The version of my client is (e.g. output of certbot --version or certbot-auto --version if you're using Certbot): certbot 5.2.2

All domains fail with connection refused, have tested them all from letsdebug.net succesful.
created a ping file and can access it from the outside:
C:\Users\bbbkada>curl -I http://riffa.se/.well-known/acme-challenge/ping
HTTP/1.1 200 OK
Server: nginx
...

this certificate has worked before, but not anymore.

running https redirects with exceptions for /.well-known/... on all domains

server {
listen 80;
server_name riffa.se www.riffa.se;

location ^~ /.well-known/acme-challenge/ {
    root /www;
    try_files $uri =404;
    default_type "text/plain";
    access_log off;
    log_not_found off;
}

location / {
    return 301 https://$host$request_uri;
}

}

/bbbkada

2

Most likely you are blocking the requests either based on geographic location or user agent.

2 Likes
3

Not that I know of !?
using a ASUS-WRT Merlin router with all intellegent filterering off.
Wouldn't letsdebug.net detect that ?

4

Hi @bbbkada ,

I can reach your ping URL from a number of hosts in the UK and US without any issues (and I get "OK" as the response). Requests to .well-known/acme-challenge/ get 404 errors and requests to other paths get 301s as you described. So that all looks okay. I tried with a number of different user-agent headers too.

"Connection refused" says the TCP connection is being actively rejected, rather than just ignored.

Are you able to run a tcpdump on the container that's running nginx (or the machine that's hosting the container)? Might be worth running this (replace interface with the correct interface name) in a separate shell while you run certbot:

tcpdump -n -i interface tcp port 80 or tcp port 443 or icmp

and seeing what comes in. The TCP rules obviously will pick up HTTP and HTTPS, ICMP will let us see if the connections are being rejected in a particular way.

2 Likes
5

found this pre-hook, guess that explains why the container OS resets the requests ?

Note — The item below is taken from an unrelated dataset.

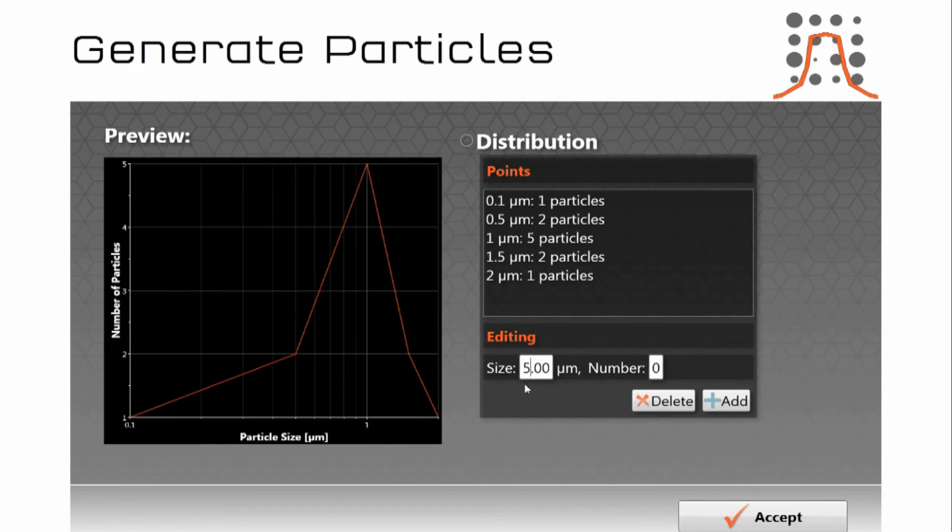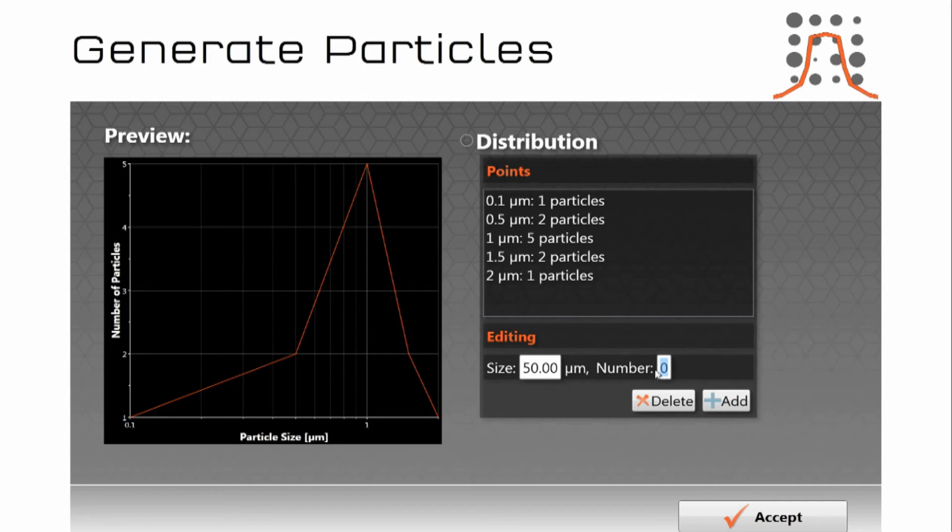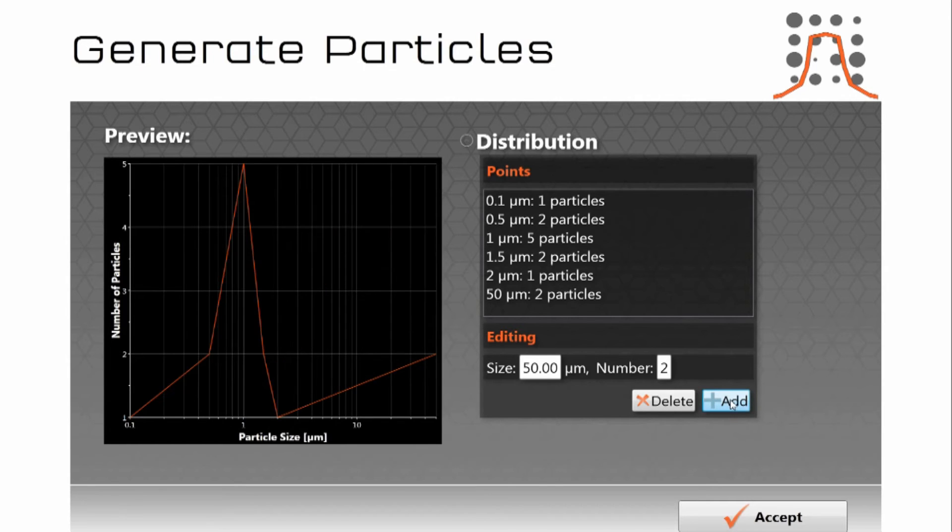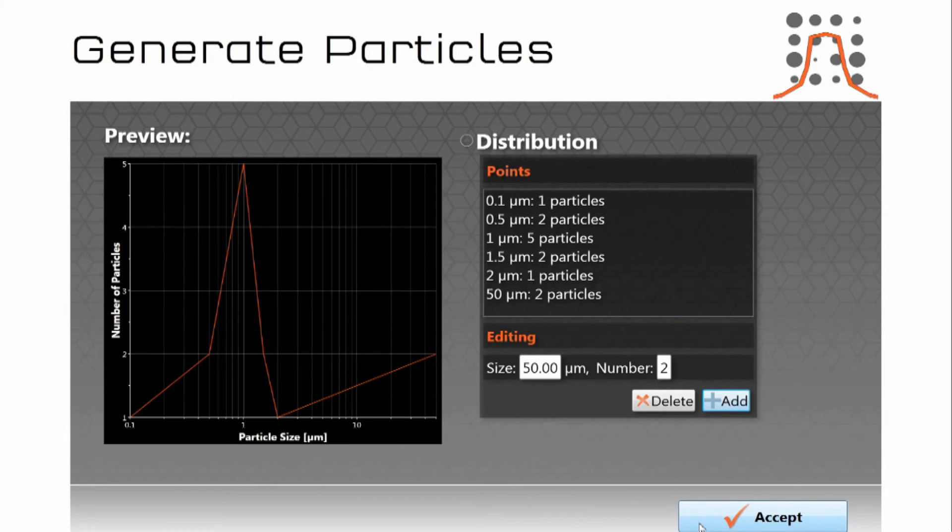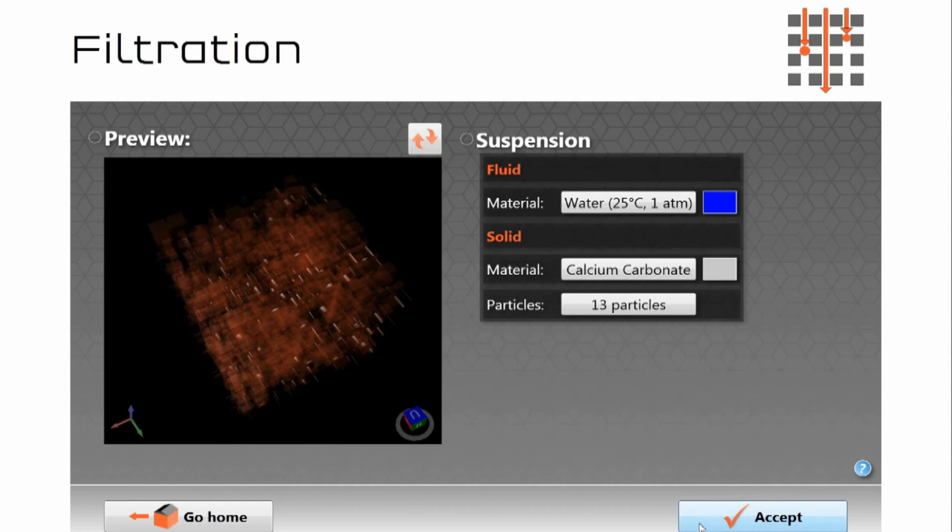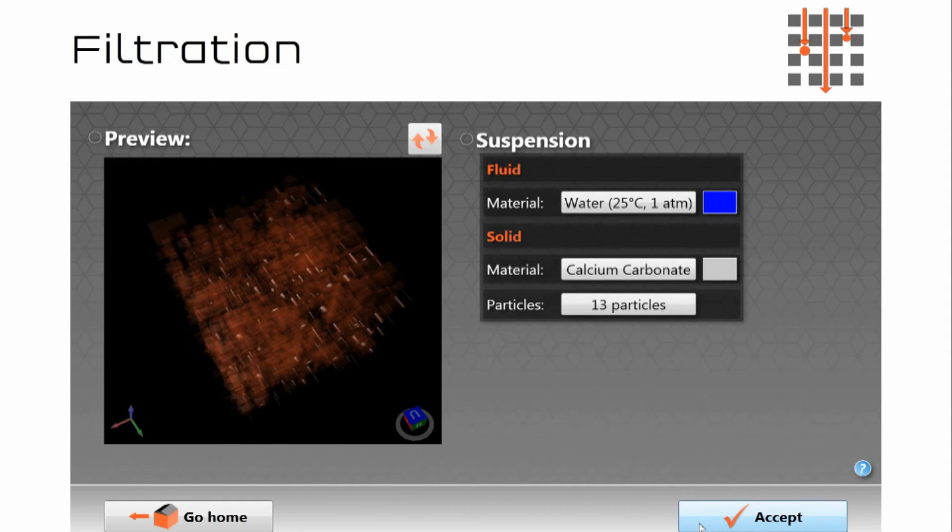I'm going to add a couple of 50 micron particles in to the distribution and add them to the overall distribution. So there we see the distribution has been added. We accept that as the particle size distribution we want filtered. We accept and watch the software filter it.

root@2c4728d768bc:/config/etc/letsencrypt/renewal-hooks/pre# cat 10-nginx
#!/usr/bin/with-contenv bash

shellcheck shell=bash

shellcheck source=/dev/null

. /config/.donoteditthisfile.conf

if [[ ! "${ORIGVALIDATION}" = "dns" ]] && [[ ! "${ORIGVALIDATION}" = "duckdns" ]]; then
if pgrep -f "nginx:" >/dev/null; then
s6-svc -d /run/service/svc-nginx
fi
fi

Standard pre-hook in swag container.
I tried a renewal and it works just fine now !

6

Yeah, if it's stopping nginx (and presumably restarting it in a post-renewal hook?) that would explain a lot. Well spotted :slight_smile: Glad to hear it's working again.

7

This topic was automatically closed 30 days after the last reply. New replies are no longer allowed.